Senior Site Reliability Engineer (Linux)
The Senior Site Reliability Engineer is a role for the motivated coder/hacker/engineer who wants to solve problems at the root cause, in an elegant and sustainable way. You will be an instrumental part of our TechOps team, which exists to build and support the foundational tools that our product teams use to build products our customers love and trust. We care deeply about our delivery pipeline being simple, reliable, consistent, and fast. You will be successful in this role if you have a deep love for automation, building scalable systems, embracing new technologies, and sharing with teammates.
The Senior Site Reliability Engineer reports to the Manager, Site Reliability Engineering.
In your day-to-day, you will also:
Monitor system activity 24x7 as part of an on-call rotation
Support all Daxko software offerings and integrated third-party tools
Collaborate on cases escalated to TechOps Support and build long-term solutions for recurring cases with automatable solutions.
Identify and resolve technical debt items that, if resolved, could make other engineers more efficient.
Coordinate with agile development teams, DBAs, implementation, and support to ensure the production environment is healthy and stable
Identify repetitive tasks and automate them (spinning up new environments, deployments, etc)
Build, support, and administer all aspects of Daxko's continuous product delivery pipeline
Work with core components such as load balancers, firewalls, etc.

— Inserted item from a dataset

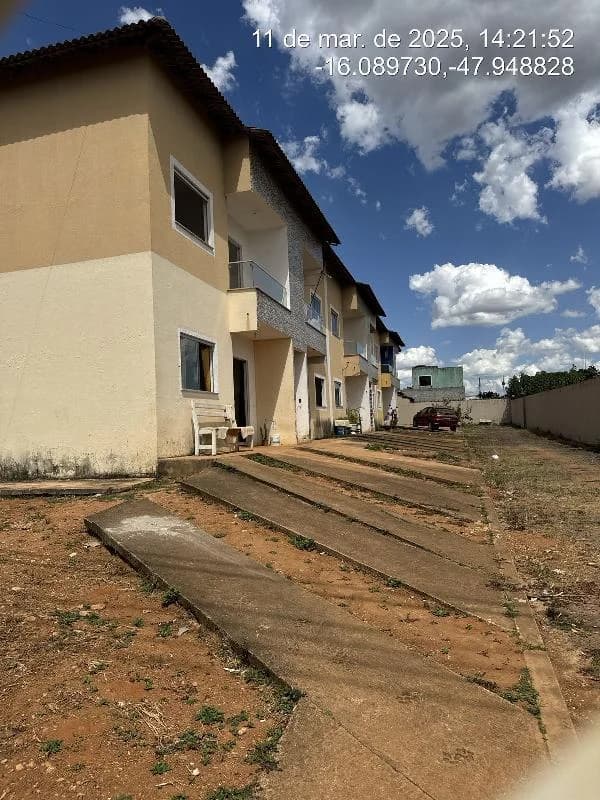 Apartamento - 2 Quartos - Cidade Ocidental - Ocupado — foto 2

Make it painless for product teams to develop, test, deploy, and monitor by providing clear, documented frameworks around our operational systems
Execute our disaster recovery plan; ensuring it is up-to-date and thoroughly tested
Mentor team members as a subject-matter expert
Troubleshoot system jobs and services that fail and work with core development teams as needed to ensure operational stability and efficiency.